James Caspian, a British psychotherapist who worked at The London Gender Clinic, just north of Mayfair in central London, for 10 years, saw hundreds of patients and helped many successfully transition.
However, he also saw an emerging pattern – of those who were unhappy with their transition and wished to reverse back to their biological gender. This pattern intrigued him, to the point where he enrolled at Bath Spa University as a master’s student, where the curriculum was geared toward research of the student’s choice.
Caspian created a proposal to study detransitioning, but was denied by the university’s ethics committee. His research was deemed “too complex” for a master’s level degree. He sued in 2017, and is still in court proceedings over it.
While previous research shows that it’s a small group of people who seek detransition, Caspian’s own experience led him to want to learn more. Work by another clinician drew his attention with a finding that many patients (almost 90 percent) are “lost to follow up” after their transition, meaning that doctors never really know what occurs after, or if they are happy in their new body.
Caspian said in an interview: “But I was seeing it and I get it because I've seen it in my own practice, so I was really concerned, really, really concerned. By this time I'm thinking, my God, this is such important research. You know, there's something huge happening here and nobody's researched it.”

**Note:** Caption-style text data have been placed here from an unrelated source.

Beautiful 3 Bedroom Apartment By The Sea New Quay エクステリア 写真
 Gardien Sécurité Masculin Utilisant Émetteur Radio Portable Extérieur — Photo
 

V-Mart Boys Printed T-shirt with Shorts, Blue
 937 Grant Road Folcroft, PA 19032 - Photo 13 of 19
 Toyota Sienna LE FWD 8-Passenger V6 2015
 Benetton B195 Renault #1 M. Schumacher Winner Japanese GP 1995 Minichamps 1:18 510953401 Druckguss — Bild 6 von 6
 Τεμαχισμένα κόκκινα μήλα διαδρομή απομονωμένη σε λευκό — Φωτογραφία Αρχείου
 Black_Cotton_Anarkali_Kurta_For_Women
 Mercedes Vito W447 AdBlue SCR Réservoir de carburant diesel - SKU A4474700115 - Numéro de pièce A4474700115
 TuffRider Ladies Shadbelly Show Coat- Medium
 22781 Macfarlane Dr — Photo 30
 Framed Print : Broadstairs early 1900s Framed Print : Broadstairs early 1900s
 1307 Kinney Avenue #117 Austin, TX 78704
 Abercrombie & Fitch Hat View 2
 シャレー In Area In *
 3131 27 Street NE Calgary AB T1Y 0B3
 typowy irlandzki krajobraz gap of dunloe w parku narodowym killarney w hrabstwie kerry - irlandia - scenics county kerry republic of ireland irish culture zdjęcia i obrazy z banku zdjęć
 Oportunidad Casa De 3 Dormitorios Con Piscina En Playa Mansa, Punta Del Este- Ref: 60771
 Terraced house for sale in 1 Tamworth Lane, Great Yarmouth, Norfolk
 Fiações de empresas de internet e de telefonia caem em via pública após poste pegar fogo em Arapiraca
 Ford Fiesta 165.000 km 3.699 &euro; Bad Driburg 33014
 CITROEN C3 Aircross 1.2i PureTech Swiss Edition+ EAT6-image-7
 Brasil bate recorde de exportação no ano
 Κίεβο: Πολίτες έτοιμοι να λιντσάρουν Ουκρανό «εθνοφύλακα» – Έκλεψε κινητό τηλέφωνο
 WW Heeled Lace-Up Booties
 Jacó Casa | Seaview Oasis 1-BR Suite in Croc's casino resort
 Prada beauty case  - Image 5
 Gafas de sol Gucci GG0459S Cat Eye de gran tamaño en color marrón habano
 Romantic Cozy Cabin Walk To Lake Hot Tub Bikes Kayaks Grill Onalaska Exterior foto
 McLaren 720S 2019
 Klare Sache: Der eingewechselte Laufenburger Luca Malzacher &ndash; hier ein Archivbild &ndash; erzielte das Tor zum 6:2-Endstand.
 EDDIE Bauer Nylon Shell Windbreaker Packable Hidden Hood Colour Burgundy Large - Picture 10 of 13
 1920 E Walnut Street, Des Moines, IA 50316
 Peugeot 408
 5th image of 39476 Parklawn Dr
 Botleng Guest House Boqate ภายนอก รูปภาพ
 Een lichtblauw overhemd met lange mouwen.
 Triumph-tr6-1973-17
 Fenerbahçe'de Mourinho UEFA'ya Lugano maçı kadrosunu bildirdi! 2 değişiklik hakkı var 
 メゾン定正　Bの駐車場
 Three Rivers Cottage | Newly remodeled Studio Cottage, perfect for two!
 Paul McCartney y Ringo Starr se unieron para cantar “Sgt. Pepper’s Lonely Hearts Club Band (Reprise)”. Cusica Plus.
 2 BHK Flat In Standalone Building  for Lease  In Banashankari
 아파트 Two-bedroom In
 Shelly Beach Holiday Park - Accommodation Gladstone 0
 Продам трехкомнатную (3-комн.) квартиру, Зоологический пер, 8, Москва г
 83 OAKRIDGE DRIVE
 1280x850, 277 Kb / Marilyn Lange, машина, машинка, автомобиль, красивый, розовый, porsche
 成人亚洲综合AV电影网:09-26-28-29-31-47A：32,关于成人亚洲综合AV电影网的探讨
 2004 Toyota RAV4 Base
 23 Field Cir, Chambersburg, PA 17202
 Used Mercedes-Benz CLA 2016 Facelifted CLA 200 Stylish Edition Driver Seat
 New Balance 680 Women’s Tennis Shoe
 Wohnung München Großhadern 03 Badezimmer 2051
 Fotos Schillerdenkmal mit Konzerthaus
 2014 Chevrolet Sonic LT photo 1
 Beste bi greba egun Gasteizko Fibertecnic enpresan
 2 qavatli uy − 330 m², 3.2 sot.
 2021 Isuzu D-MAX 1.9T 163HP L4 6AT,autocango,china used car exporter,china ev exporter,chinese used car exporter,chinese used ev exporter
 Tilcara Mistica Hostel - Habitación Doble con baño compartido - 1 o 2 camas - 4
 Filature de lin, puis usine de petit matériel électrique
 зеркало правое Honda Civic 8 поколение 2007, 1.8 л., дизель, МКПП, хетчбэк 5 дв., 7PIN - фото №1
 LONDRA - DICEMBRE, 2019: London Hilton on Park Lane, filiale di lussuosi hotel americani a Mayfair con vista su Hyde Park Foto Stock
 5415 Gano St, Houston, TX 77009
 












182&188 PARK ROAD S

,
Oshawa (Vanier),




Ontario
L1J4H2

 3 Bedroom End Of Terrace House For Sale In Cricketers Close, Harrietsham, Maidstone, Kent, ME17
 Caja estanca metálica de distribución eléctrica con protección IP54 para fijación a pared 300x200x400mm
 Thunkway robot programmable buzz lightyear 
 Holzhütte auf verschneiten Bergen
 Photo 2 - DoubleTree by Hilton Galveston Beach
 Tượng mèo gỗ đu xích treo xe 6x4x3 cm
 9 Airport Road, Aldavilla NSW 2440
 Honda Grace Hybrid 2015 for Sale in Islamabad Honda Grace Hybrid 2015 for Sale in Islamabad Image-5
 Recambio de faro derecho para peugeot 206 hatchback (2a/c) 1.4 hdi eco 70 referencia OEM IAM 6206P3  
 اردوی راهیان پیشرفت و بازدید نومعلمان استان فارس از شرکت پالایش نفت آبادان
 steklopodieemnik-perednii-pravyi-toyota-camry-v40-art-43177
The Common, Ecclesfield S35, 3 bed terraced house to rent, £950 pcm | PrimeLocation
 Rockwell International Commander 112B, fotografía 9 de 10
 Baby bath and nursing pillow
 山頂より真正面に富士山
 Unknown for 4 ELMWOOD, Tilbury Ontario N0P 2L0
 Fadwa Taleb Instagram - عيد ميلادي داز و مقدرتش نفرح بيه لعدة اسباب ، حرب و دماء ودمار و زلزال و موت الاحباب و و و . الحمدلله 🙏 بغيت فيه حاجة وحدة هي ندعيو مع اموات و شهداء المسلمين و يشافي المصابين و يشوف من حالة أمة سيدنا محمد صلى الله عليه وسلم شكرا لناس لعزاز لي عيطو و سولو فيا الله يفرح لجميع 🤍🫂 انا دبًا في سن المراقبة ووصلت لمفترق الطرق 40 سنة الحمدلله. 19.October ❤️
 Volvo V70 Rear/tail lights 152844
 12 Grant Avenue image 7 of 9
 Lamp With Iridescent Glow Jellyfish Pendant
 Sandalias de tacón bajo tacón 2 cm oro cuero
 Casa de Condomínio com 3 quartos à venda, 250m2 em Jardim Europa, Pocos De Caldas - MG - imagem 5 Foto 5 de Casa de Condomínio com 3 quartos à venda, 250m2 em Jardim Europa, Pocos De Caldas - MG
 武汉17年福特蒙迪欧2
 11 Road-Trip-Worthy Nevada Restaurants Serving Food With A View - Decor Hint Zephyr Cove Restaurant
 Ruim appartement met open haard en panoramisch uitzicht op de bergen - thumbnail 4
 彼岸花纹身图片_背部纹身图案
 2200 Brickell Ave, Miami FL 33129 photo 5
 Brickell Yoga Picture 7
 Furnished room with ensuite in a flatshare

Claude R. (@__laudecay__ on Twitter) is a student at the University of Chicago studying math, physics and computer science. He's currently taking the year off to do cybersecurity engineering.
He felt as though he had doubts during his transition, which may not have been fully addressed by therapists. He also had "a lot of mental illness that was completely ignored," which included eating disorders, sexual abuse, violent homophobic bullyinh and trauma from parental abuse.
After one appointment with a "gender identity specialist," he had a letter for hormones and top surgery.
He said, "I'm so...angry, no lawyer would take my case, I was 19 and severely mentally ill and nobody wanted to help, all they wanted was money and/or woke points."
The reason Claude is working instead of in school this year is because of $30,000 worth of debt, which he said was accumulated because his surgen lied about his insurance. He now describes himself as "mutilated, hairy, deep voice, body only someone with a...fetish would be attracted to."
"It feels like a bad dream when I look in the mirror but I can't wake up from it."
For more examples of those who detransitioned or retransitioned, there are articles listed on the Peak Trans website, organizations/movements like the Pique Resilience Project or the Detransition Advocacy Network (who just had a conference in Manchester). There’s also a lot of discourse on the Reddit thread, r/detrans.